Acute volvulus requires an emergency procedure either by laparotomy or by laparoscopy. Treatment modalities depend on the actual complications. Several types of treatments have been proposed and are outlined below. The objective is to reduce the volvulus, to decompress the stomach if necessary and then to prevent recurrences. Treatment modalities may include:
  • gastropexy (conventional or laparoscopic);
  • gastrostomy catheter;
  • gastroenterostomy;
  • colopexy (to the diaphragm);
  • partial gastric resection;
  • cruropexy associated with fundoplication.
Gastric resection should only be proposed in cases of gastric perforation and colonic resections only in cases of ischemia. An associated hernia should be repaired simultaneously and combined with gastropexy.
The treatment of choice for chronic gastric volvulus is currently laparoscopic gastropexy with fixation of the fundus to the diaphragm and then the greater curvature to the abdominal wall using 4 or 5 non-absorbable stitches.
Figure
Figure 12.a

Figure
Figure 12.b

13. References


  1. Farag S, Fiallo V, Nash S, Navab F: Gastric perforation in a case of gastric volvulus.
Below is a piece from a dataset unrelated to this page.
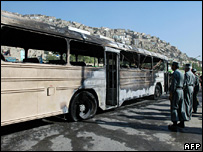 موتر حامل کارمندان وزارت دفاع افغانستان که پس از انفجار آتش گرفت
Am J Gastroenterol 1996;91(9):1863-4.
  2. Ghosh S, Palmer KR: Double percutaneous endoscopic gastrostomy fixation: An effective treatment for recurrent gastric volvulus. Am J Gastroenterol 1993; 88(8): 1271-2.
  3. Koger KE, Stone JM: Laparoscopic reduction of acute gastric volvulus. Am Surg 1993;59(5):325-8.
  4. Umehara Y, Kimura T, Okubo T, et al. : Laparoscopic gastropexy in a patient with chronic gastric volvulus. Surg Laparosc Endosc 1992;2(3):261-4.